» **Your instructions**
Keeping every word and mark, copy all of the data.

» **Given information**

────────────────

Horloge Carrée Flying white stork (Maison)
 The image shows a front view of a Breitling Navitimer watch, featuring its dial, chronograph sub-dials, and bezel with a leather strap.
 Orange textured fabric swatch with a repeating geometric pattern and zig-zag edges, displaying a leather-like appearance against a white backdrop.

────────────────

» **Output for this exercise**
Horloge Carrée Flying white stork (Maison)
 The image shows a front view of a Breitling Navitimer watch, featuring its dial, chronograph sub-dials, and bezel with a leather strap.
 Orange textured fabric swatch with a repeating geometric pattern and zig-zag edges, displaying a leather-like appearance against a white backdrop.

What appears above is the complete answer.